On the Sunday we paid a visit to the church after the service so Adam could introduce us and we could be welcomed into the village. This is where I met Mark, a 5 month old baby, who became "my" baby throughout the trip, he was so cute and chubby, he was my favourite! We were presented with loads of food including a guinea fowl egg, which we treasured and the use of which was discussed at great length! We asked the locals to give us some privacy as until now they had been walking into our camp whenever they felt like it and it it was quite stressful being stared at 24/7. I'm not sure how they took this, especially as it was translated by Steve into ewal so we have no idea what he said. My fear of alienating the whole village was then compounded as Tim - who seemed to have appointed himself as our personal helper - then stood up after Steve and appeared to have another go at them! uncomfortable.....!
After a weekend of settling in, we started work on the project - the toilet. None of us were too keen on this being our project, it seemed kind of irrelevant and not exactly life changing, but once we'd had the concept explained it seemed a bit more worthwhile. It was part of a plan by the TPA - tourism promotion authority - to boost the number of trekkers on the Black Cat, which would lead to more money coming into the local village communities.
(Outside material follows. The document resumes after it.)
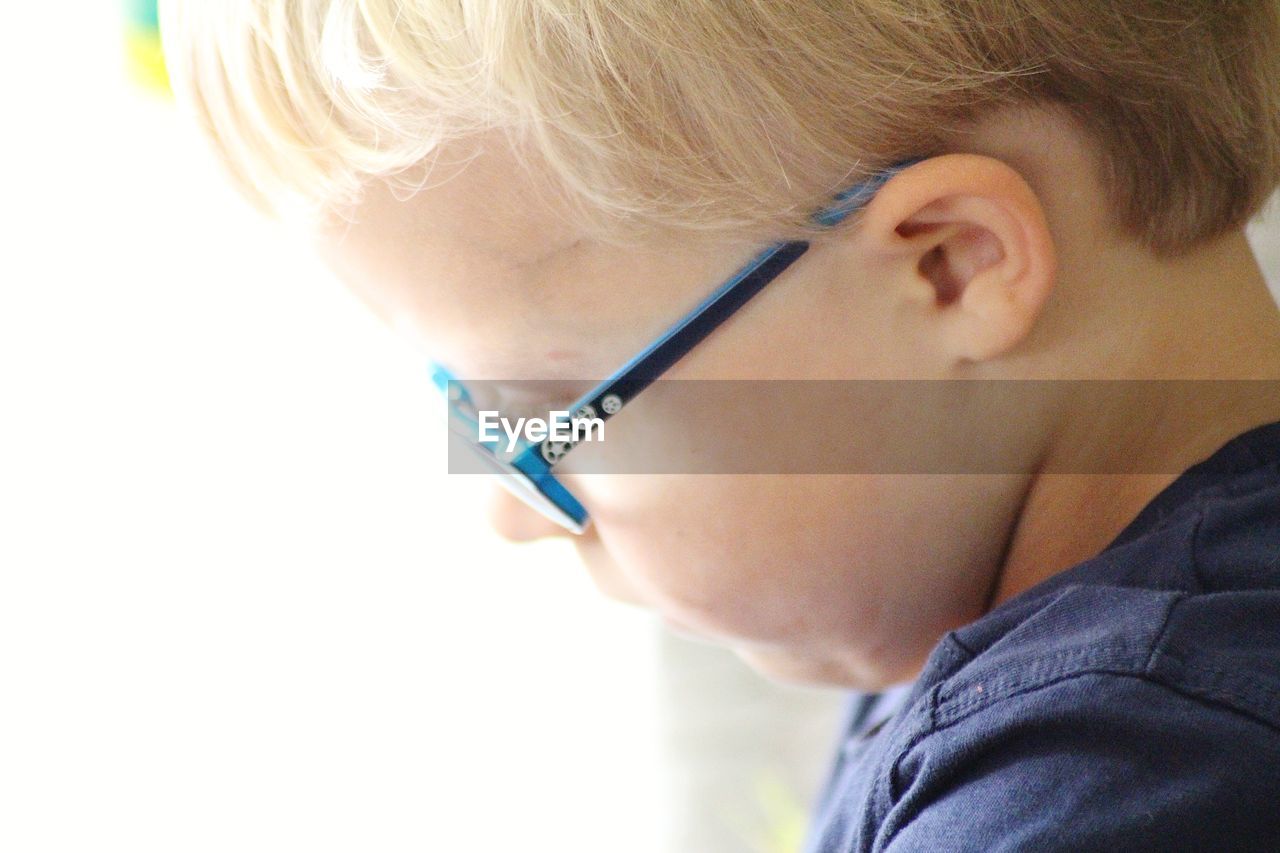 Close-up portrait of boy with glasses looking away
The track is a lot less trekked than the Kokoda trail from Port Moresby yet it has equal if not greater historical significance. So last years group built a guest house up near the other end of the track but our village already had the guest house, just no toilet facility, so that was deemed the next most useful thing to build. The design we were using was for a ventilated improved pit latrine - or VIP latrine! It had been used a lot in Africa but this was to be the first of its kind in the South Pacific and thus a model for toilets everywhere!!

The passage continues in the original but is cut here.